Odin of Asgard



This is a depiction of Odin of Asgard, here called Odin the Wanderer, disguised as a traveller.

Ok, so, here is a tale of my ancestry searchings…..I was gifted with names and dates back to the 1200’s by distant cousins in Norway, who i found 15 or so years ago on a research message board.  They gave me their source info with each name and date.  I was thrilled!  Now, 15 or more years later i have come back to search some more on Ancestry dot com, and found all these little leaves when i entered my info.  These mostly connected with other family trees, (some of which do not line up with your info, and some of which do).  I followed the trail of the ones that lined up, which gave another bit of info and led me on, and on, and on…….. Not only did the line go thru several Viking Kings, but kept going, on and on, to, guess where?  Odin of Asgard!  Is this the vanity of Norwegians, these crazy Norwegians, to claim all their heritage stems from none other than Odin?  I am thrilled, and honored (hehe), certainly….. yet…….

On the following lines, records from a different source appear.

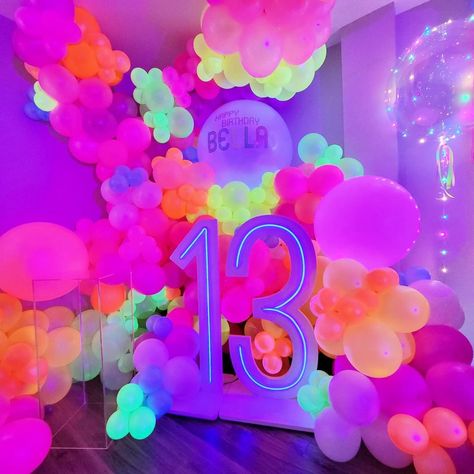 16 Birthday Backdrop Ideas, Neon Food Ideas, Neon 13th Birthday Party Ideas, Sweet 16 Glow In The Dark Party Ideas, Neon Theme Party Decorations, 13th Birthday Themes, Neon Photobooth, Neon Themed Birthday Party, Neon Disco Party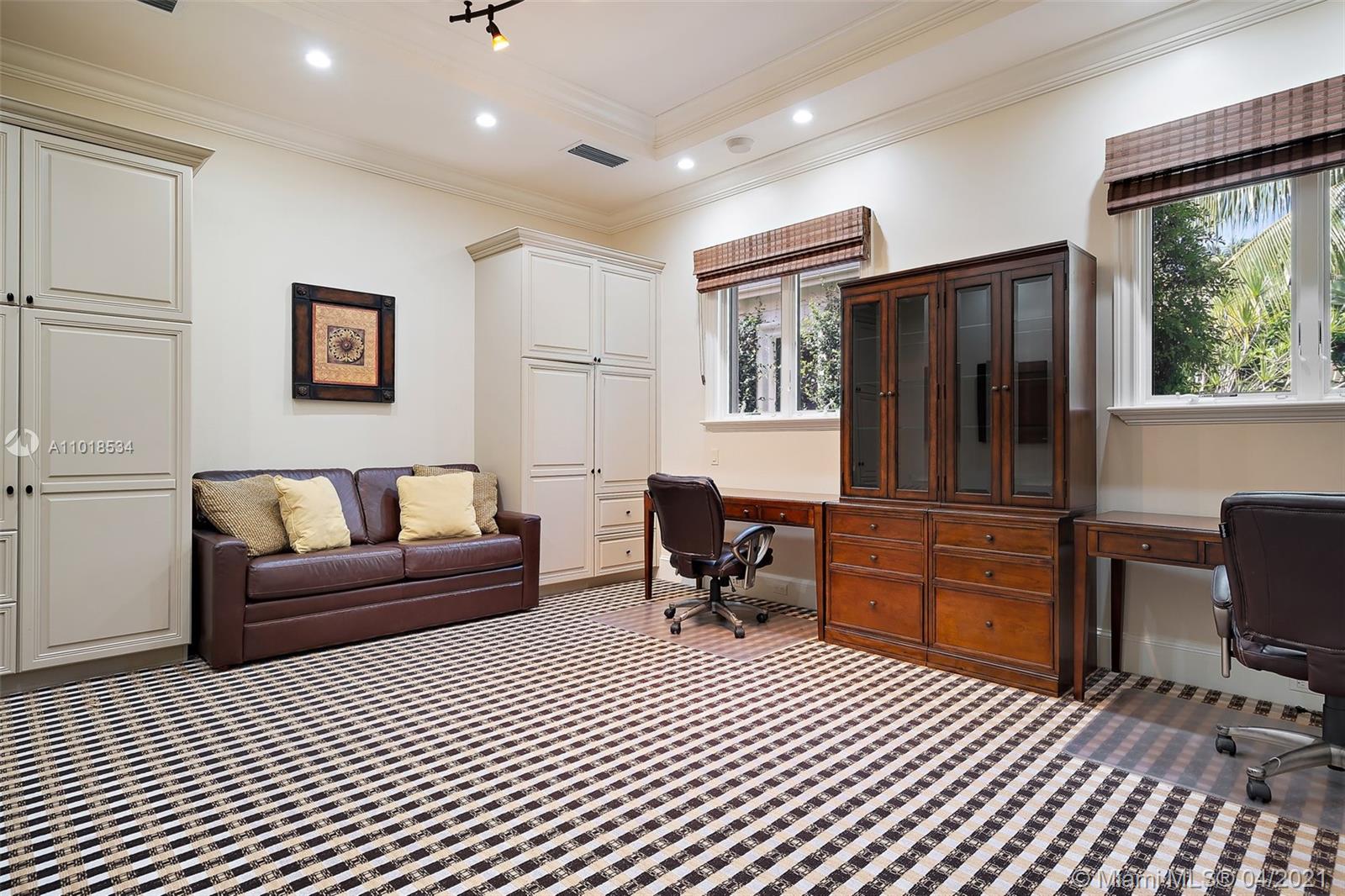 OLD PALM 4 - Residential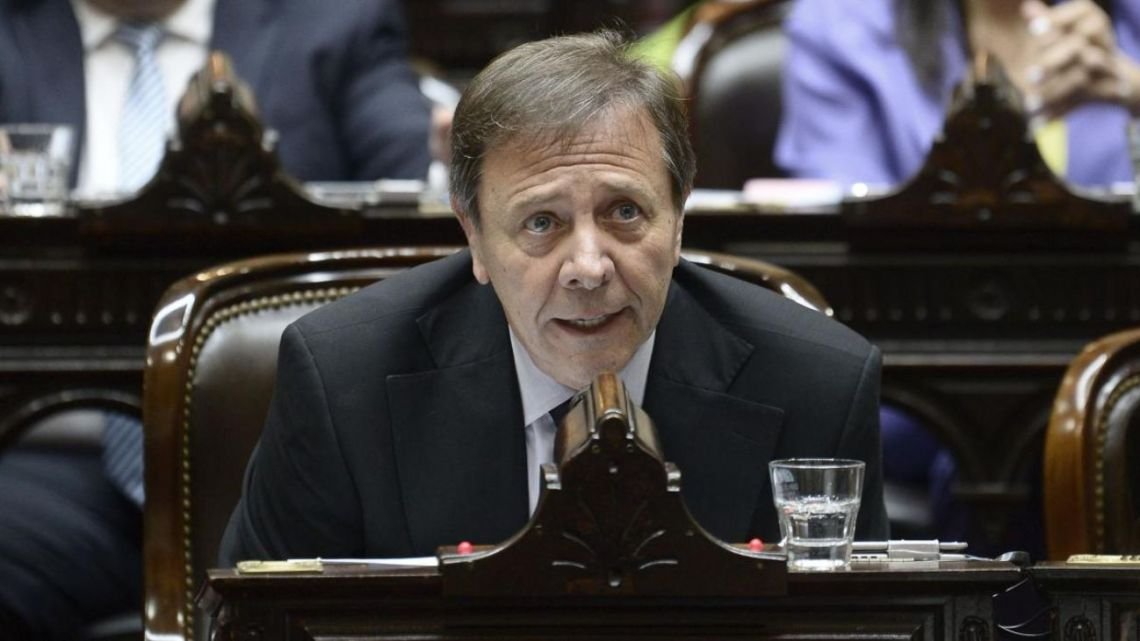 Zago: "Adorni en la vida política mintió, dijo que era blanco y terminó siendo un gris oscuro"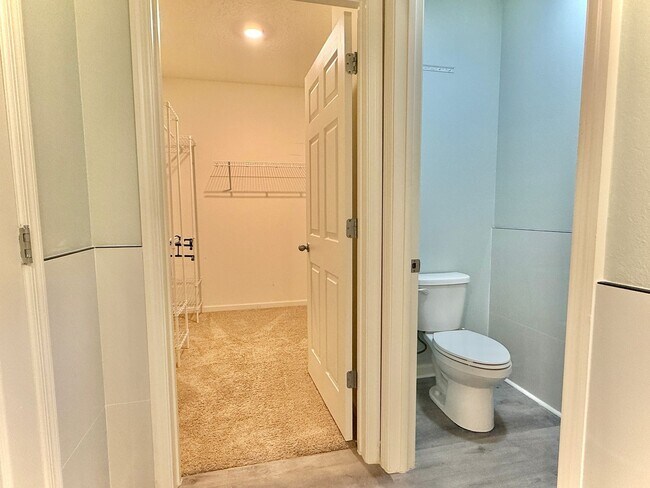 Building Photo - Spacious Home in Crystal Bay offering 4 bedrooms with upgrades throughout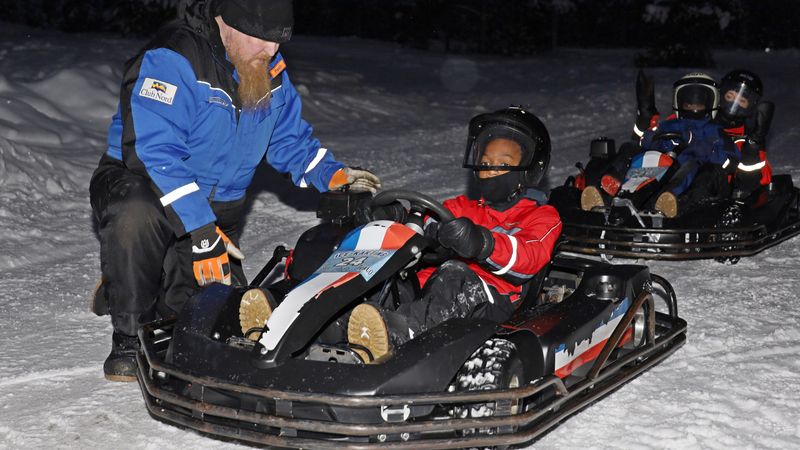 Séance de karting sur glace pour les 40 enfants en Laponie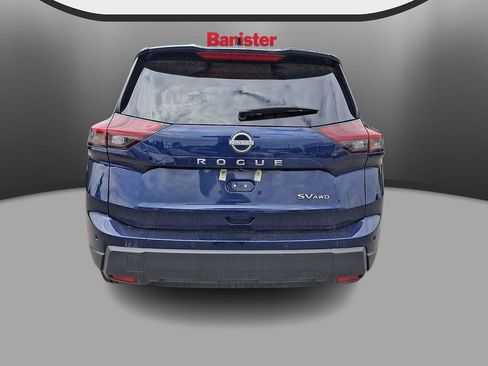 Used 2024 Nissan Rogue SV AWD/4WD image 5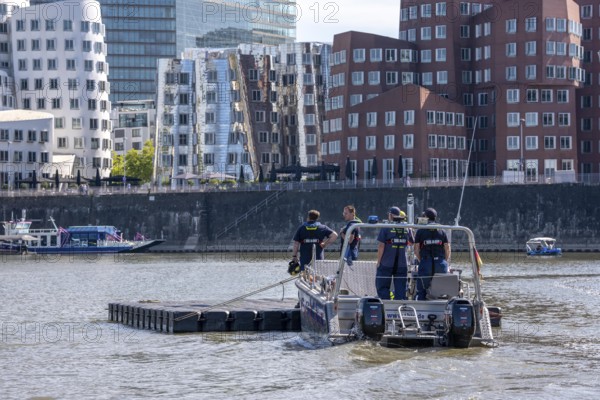 Transport of a floating platform with the jet-float system, this can be used as a work platform,
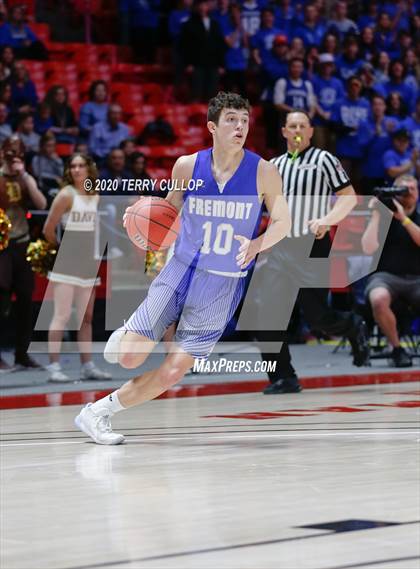 Thumbnail 2 in Fremont vs. Davis (UHSAA 6A Final) photogallery.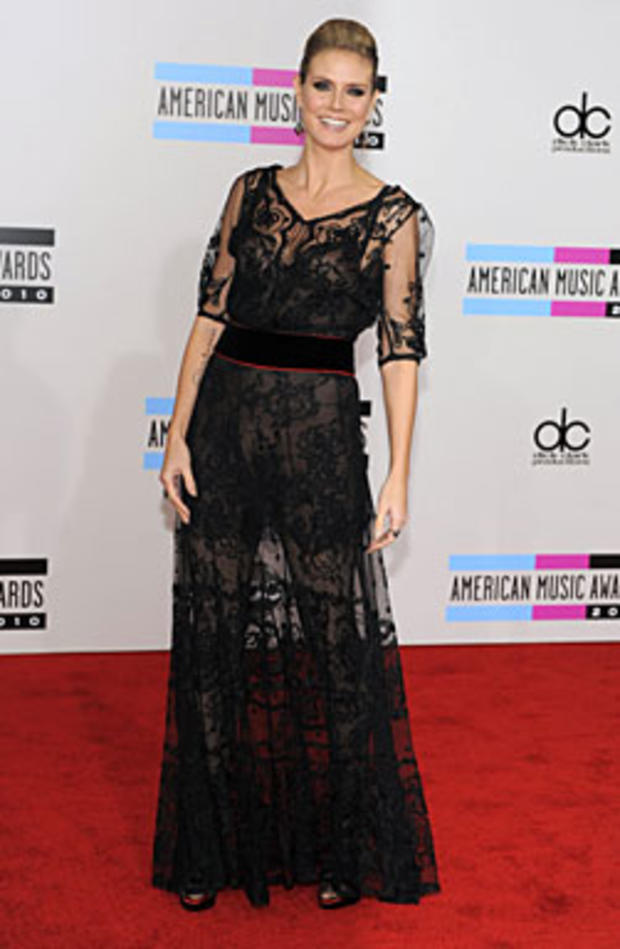 Heidi Klum arrives at the 38th Annual American Music Awards on Sunday, Nov. 21, 2010 in Los Angeles. (AP Photo/Chris Pizzello) 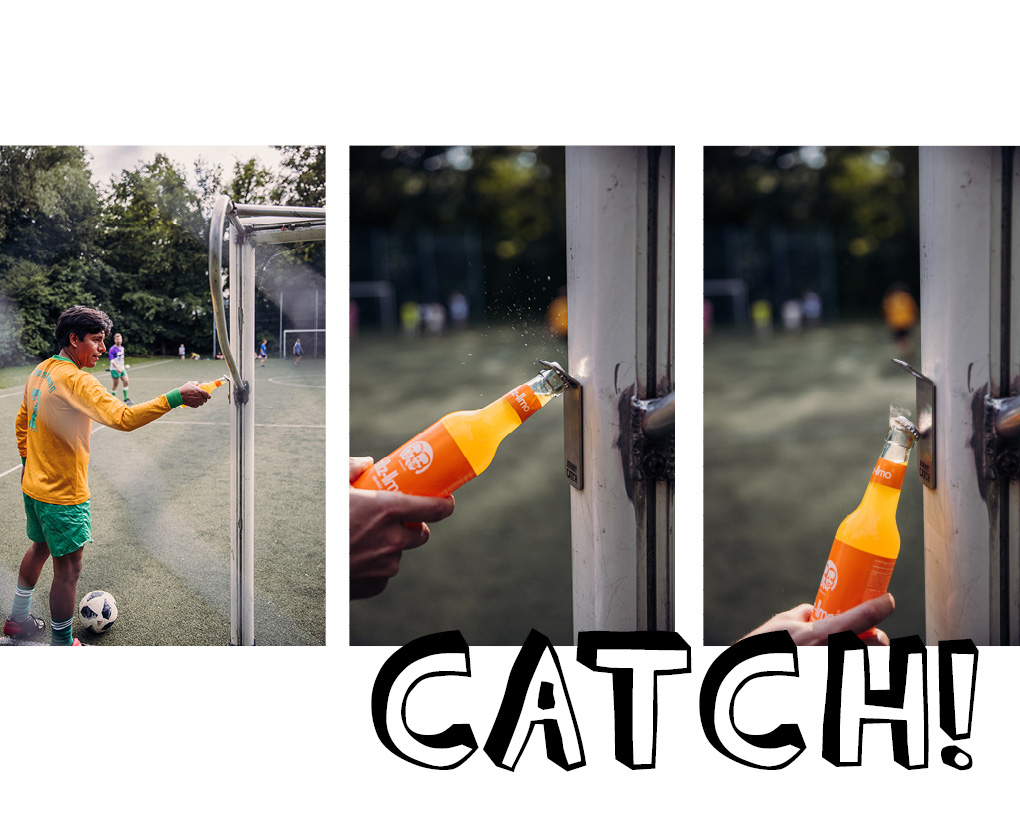 Hier ist eine Person abgebildet, die draußen Fußball mit einem Ball spielt.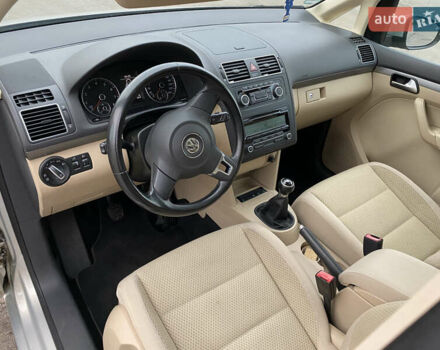 Серый Фольксваген Туран, объемом двигателя 1.39 л и пробегом 168 тыс. км за 9500 $, фото 57 на Automoto.ua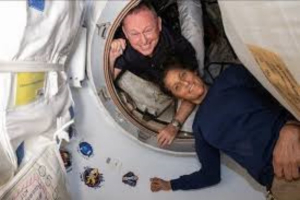Astronautas iban a la EEI por 8 d&iacute;as; debido a una falla se quedar&aacute;n hasta 2025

I remember my grandfather and grandmother, both 100% Norwegian, my grandmother always so gentle and sweet, and grandfather always so stubborn and certain!  Daddy Dok was never sick, always right, and couldn’t carry a tune.  Nanny was always sweet, never cranky, and musically gifted.  I loved them so much.  If i told them we were related to Odin, Daddy Dok would probably say  “Ja, sure!”  Nanny would probably giggle.  

So, onward, with my month-at-a-time subscription, hunting for ancestry.  Who were they?  How did they live?  What were their days like?  I suppose i could keep reading the Sagas, which give us a picture of those days…  

Snorri Sturluson (1179-1241) wrote, “A man called Halldor, the son of Brynjolf Camel the Old, was a shrewd man and a great chieftain.  This is what he said when he heard people saying how unlike one another the two brothers, St Olaf and King Harald (my ancestor, if all is correct…), had been: ‘I was held in high regard by both brothers, and so I knew their natures very well; and I have never known any two men so much alike.  They were both highly intelligent and extremely brave in battle, hungry for wealth and power, imperious and haughty, able rulers, and ruthless in punishment.  King Olaf forced the people to adopt Christianity and the true faith, and cruelly punished those who were slow to obey him.  The chieftains would not endure his just and rightful rule and raised an army against him, and killed him in his own kingdom, For that reason he was made a saint.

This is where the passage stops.